I think it’s fair to say that the majority of people who are attracted to the mystery of the Voynich manuscript are enthusiastic amateurs – which is not to say that they are not also intelligent and skilled ones.
Over the past few years I have seen a number receive fairly severe treatment, chiefly in the second [now-defucnt] Voynich mailing list, where the format means that it isn’t a case of receiving one person’s negative view, but being confronted with what must feel like a hostile crowd.
The effect is compounded if criticisms are less directed against the proposed solution or translation, as they should have been, but aimed at the person.
Being impressed by this recent article by Allan Massie on the subject of savage literary reviews – I thought I’d reprise the points he makes, but as they apply to Voynich studies and more generally, as Massie puts it “the whole question of savage reviewing, the ethics and propriety”.
It’s very easy to make fun of bad translations or theories; very easy and, one must confess, enjoyable. This is a somewhat shameful admission, but any reviewer who is honest with himself knows it is true. So are there any rules or guidelines?
Well, the first is the old rule given to children: you shouldn’t hit someone smaller than yourself. This means, for instance, that you shouldn’t tear the work of newbies to pieces.
Their first – and even second – theories and suggested solutions should be treated indulgently. ..
A savage review should have as its object something produced by a praised and established fellow-worker in this field, not a tender hopeful: an opponent, you might say, who should be at least your own size and quite possibly bigger.
The object of criticism must remain the theory, method, book or argument, and that should be always perfectly clear to everyone: to the reviewer, the author of the work, and anyone who might read or hear the criticisms.
To earn a savage review, the method, historical scenario, proposed decipherment or translation should be bad in a distinctive way, not merely incompetent and slipshod, but pretentious or dishonest.
Pretentious, dishonest, badly written; any of these may make a legitimate target*.
Writing only savage reviews would be dishonest, since only a few books deserve such treatment. So it would be bad for your own character – but it would be equally dishonest to pretend that one writes such reviews in sorrow rather than anger, or that one doesn’t get satisfaction and pleasure from letting fly, inserting the dagger, wielding the axe, or flooring your victim.
But that is a weakness in the reviewer, rather than in their argument against the theory or proposal that they attack.

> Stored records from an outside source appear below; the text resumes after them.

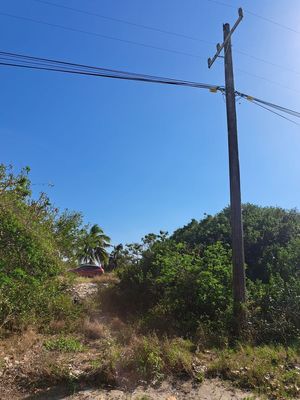 TERRENO EN CHUBURNA PUERTO A ORILLA DE CARRETERA MUY CERCA DEL MAR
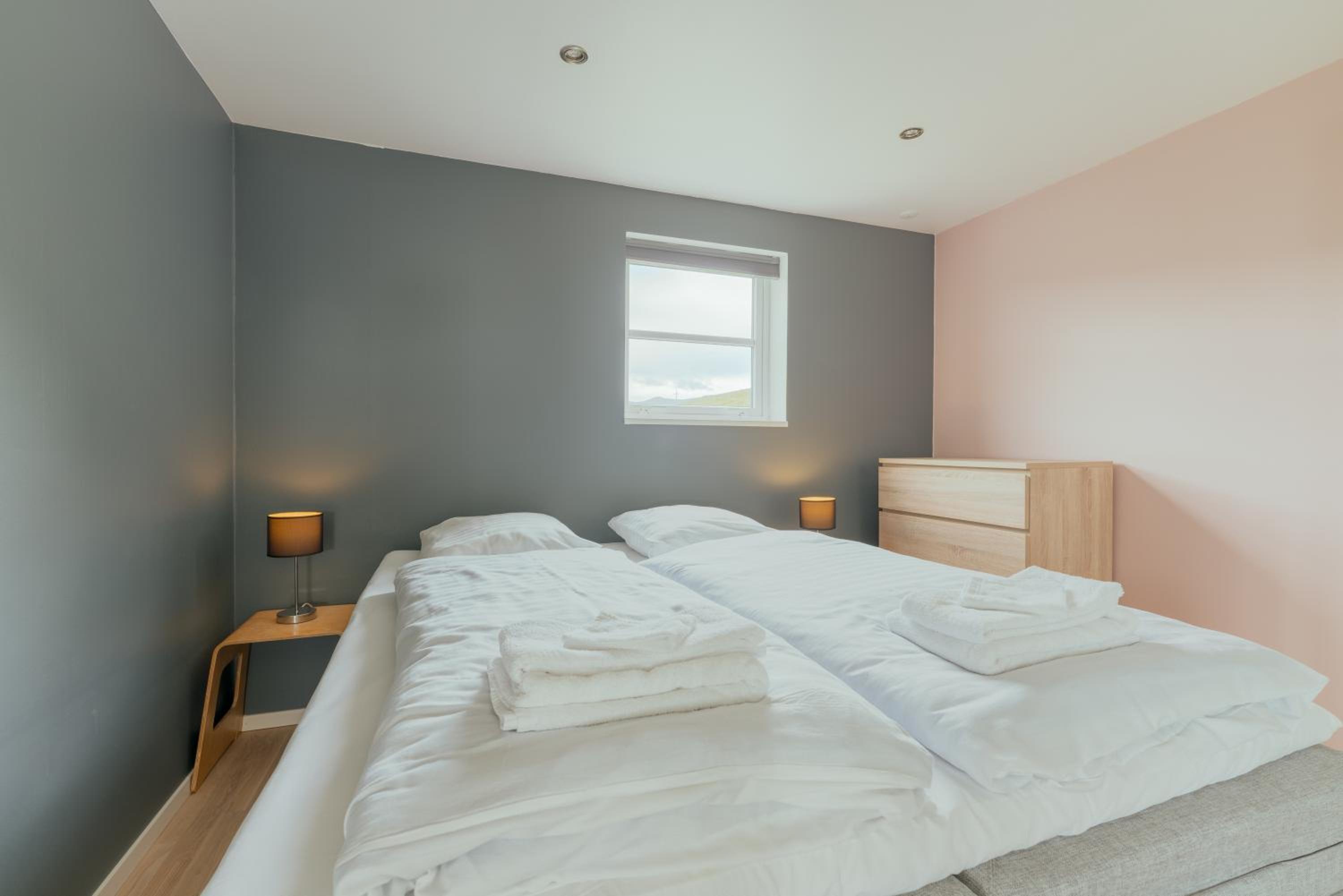 Peaceful Panoramic Retreat in Leynar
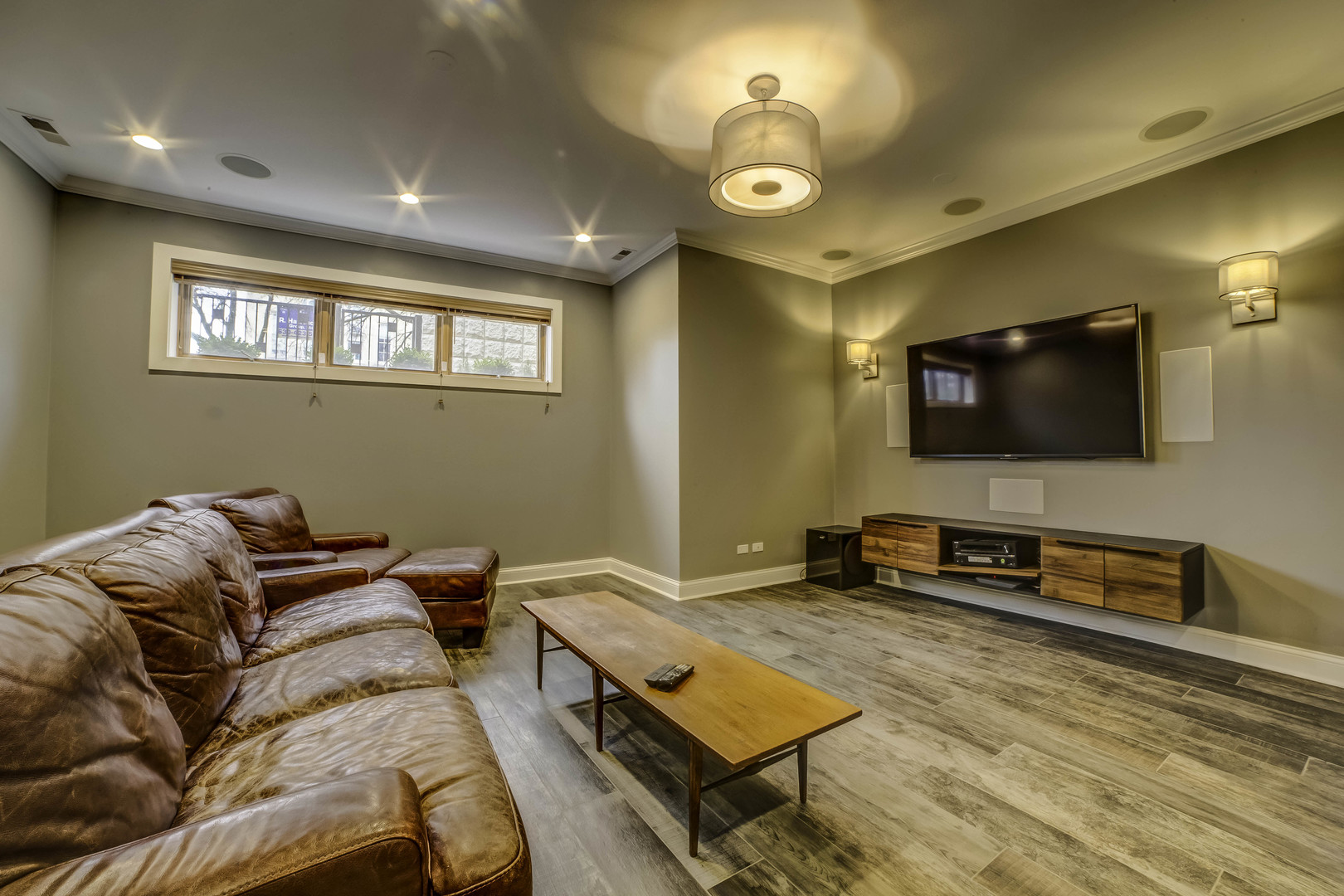 1411 N Leavitt Street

As an afterthought: silence and indifference can be as powerful as discouragement for newbies as active criticism. I do not think that is the intention in most cases ~ rather than a majority already have their preferred ‘story’ for the Voynich manuscript, and to that extent have ceased to investigate its questions. It follows that really new ideas, or proposed translations, meet so little reaction that the person can take it quite as badly as if it were a verbalised attack.
Not everyone feels that way; for some the research is the aim and end of their interest so that group acceptance is very nearly an incidental issue. But not for newbies who may be ‘new’ but whose brains are not less keen for that.
And if you are the object of immoderate indifference or savage criticism, yourself, do as Massie tries to and
… remember Kingsley Amis’ advice that a bad review may spoil your breakfast but you shouldn’t let it spoil your lunch. ..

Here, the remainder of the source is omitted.